While the steering wheel and seats definitely let you know you're not in an ordinary street car, Mazda took some steps to retain driver comfort and luxury, such as the addition of a 300 watt Bose audio system with Centerpoint surround sound and AudioPilot noise compensation technology. I also loved the fact that the RX8 R3 had a Bluetooth hands-free phone system, which could wirelessly detect and connect both my iPhone and my Treo when they were inside the car. Bluetooth is a great feature when you're constantly on the phone, and don't want to get a "cellphone ticket" from pesky cops!
Without a doubt, my favorite feature of the RX8 R3's interior is the addition of these Recaro adjustable sport seats, with leather side bolsters. These seats upclass the standard RX8 interior immensely, from the snug side bolsters to the red stitched RECARO logo on the headrest. These seats transform the standard RX8 interior, making you feel as if you're driving a fully prepared race car on the street.
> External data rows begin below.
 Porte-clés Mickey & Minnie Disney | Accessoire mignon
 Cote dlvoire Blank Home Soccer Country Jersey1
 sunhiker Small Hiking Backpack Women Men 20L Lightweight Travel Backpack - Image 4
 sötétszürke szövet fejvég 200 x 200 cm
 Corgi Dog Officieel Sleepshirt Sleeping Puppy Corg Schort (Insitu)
Many people don't realize how much of a difference having a good seat makes. These Recaros grip you and hold you snugly in place as you carve corners on your favorite stretch of road, or, in my case, as you slice through a slalom course. Having good seats like these allow you to drive the RX8 R3 much faster than a non-Recaro equipped RX8 because the Recaros prevent you from slipping and sliding as the car's weight transfers. What a huge difference; I can't even say it enough.
Even though you can't see it because of the plastic engine cover, underneath the hood lies a 232-horsepower twin rotor Renesis (which incidentally, stems from Rotary Engine Genesis) engine, matched up to a six-speed manual transmission. I absolutely loved the feel of the RX8 R3's six-speed manual – and this is coming from a person who is extremely picky when it comes to manual transmissions. The transmission felt solid, responsive, and slightly notchy, which is exactly how a sports car's transmission is supposed to feel. Brilliant.
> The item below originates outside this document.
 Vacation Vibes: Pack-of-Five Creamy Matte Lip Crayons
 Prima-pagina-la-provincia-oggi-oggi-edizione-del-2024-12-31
When I actually tested the car out at an Evoschool Autocross Clinic, I found out that the RX8 R3 version handles much, much better than a normal RX8. Mazda has improved the structural rigidity of the car by adding some additional chassis braces, a trapezoidal strut tower brace, reinforcing the strut tower areas, and by filling the front suspension crossmembers with urethane foam, which is a chassis stiffening technique I've seen practiced by race teams in Japan. This leads to a stiffer, more nimble RX8… which translates to more driver fun when you pitch the car into a corner!
The RX8 R3 also seems to like running at higher speeds than other RX8s. After doing some research, I discovered that this is because the R3 package includes lower ratio gears in the differential. Standard RX8s come with 4.777:1 gears, whereas the R3 version remains comfortable at high speeds because of its 4.444:1 ratio. The lower gear ratio allows the RX8 to cruise the freeways at higher speeds, while maintaining a lower engine RPM.
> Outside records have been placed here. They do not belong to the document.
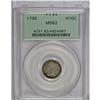 Image 3 : 1795 H10C MS62 PCGS. V-4, R.4. Readily attributable by 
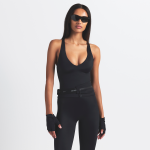 D�bardeur � col en v nikeskims shine pour femme - noir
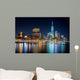 Night Lower Manhattan Wall Decal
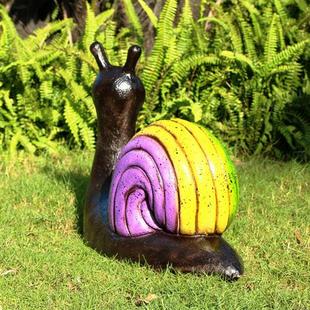 花园林庭院景观动物蜗牛摆件创意商场工艺装 饰品摆设树脂工艺雕塑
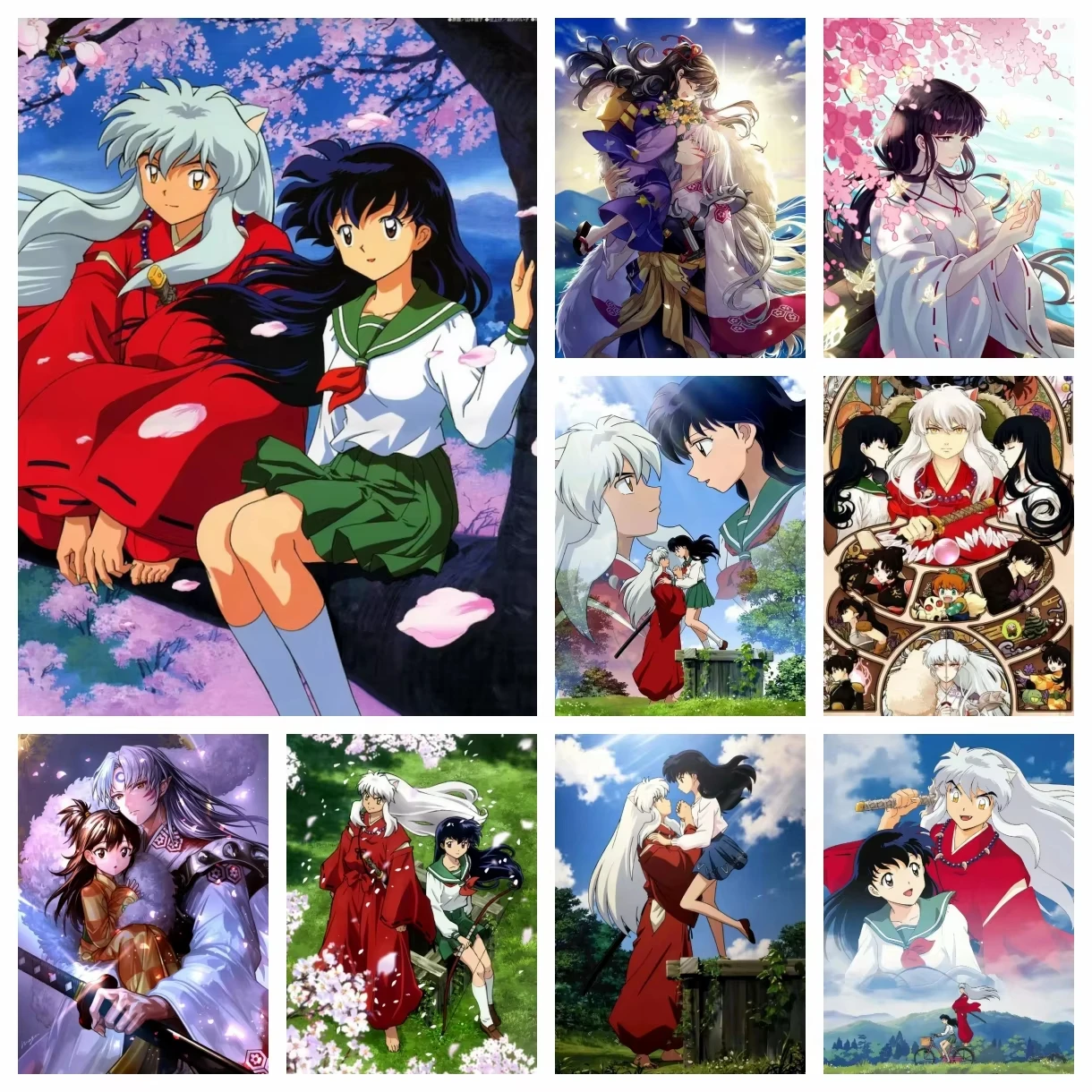 

1000PCS Jigsaw Puzzle Anime Inuyasha Sesshomaru Kikyo Character Art For Adults Great Weekend Relaxation And Family Fun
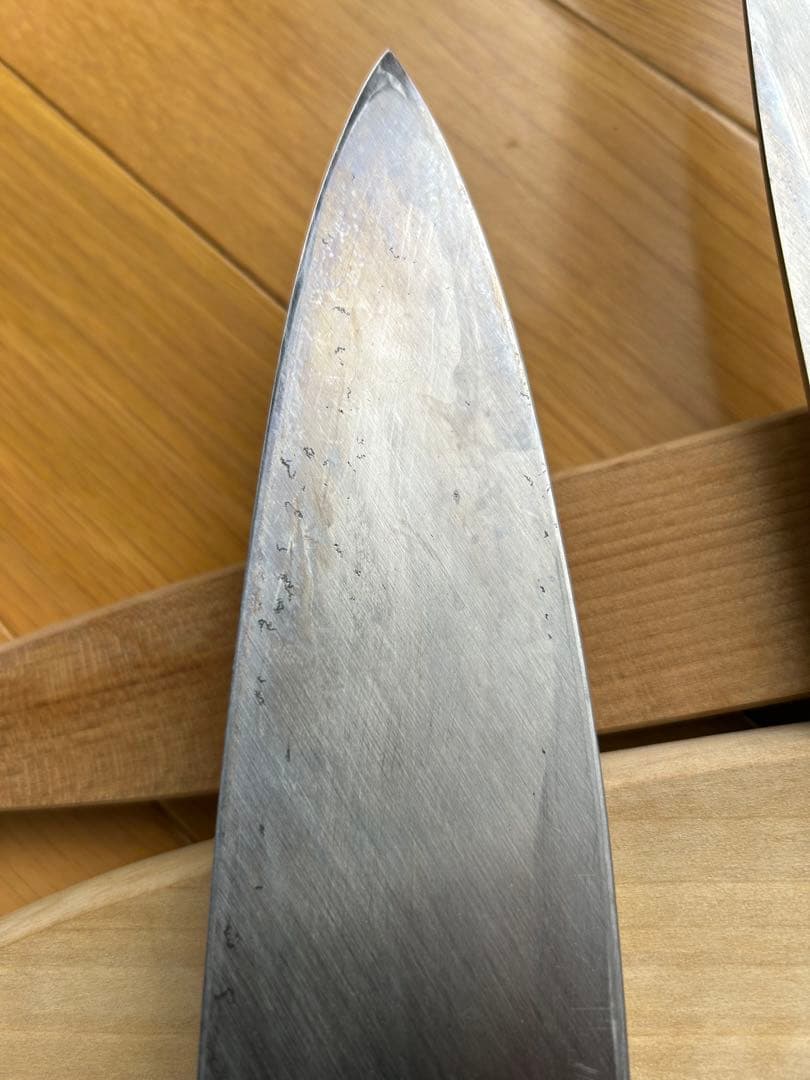 正長作の出刃包丁・柳刃包丁の2本セットです。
The fact that the R3 has a six-speed manual transmission also helps with this. The first few transmission gears still have high ratios, so the R3 can accelerate off the line rather quickly, but the addition of the sixth gear, combined with the low differential ratio makes top speed cruising a breeze.
I had a great weekend with the 2009 RX8 R3. I discovered that it's not only an outstanding car to take to the race track, but it's also a fun, good looking car to drive around town daily, with a comfortable interior and great stereo system. No wonder the RX8 has won so many awards globally, including "Car of the Year" awards in the USA, UK, Australia, Singapore, and a ton of other countries.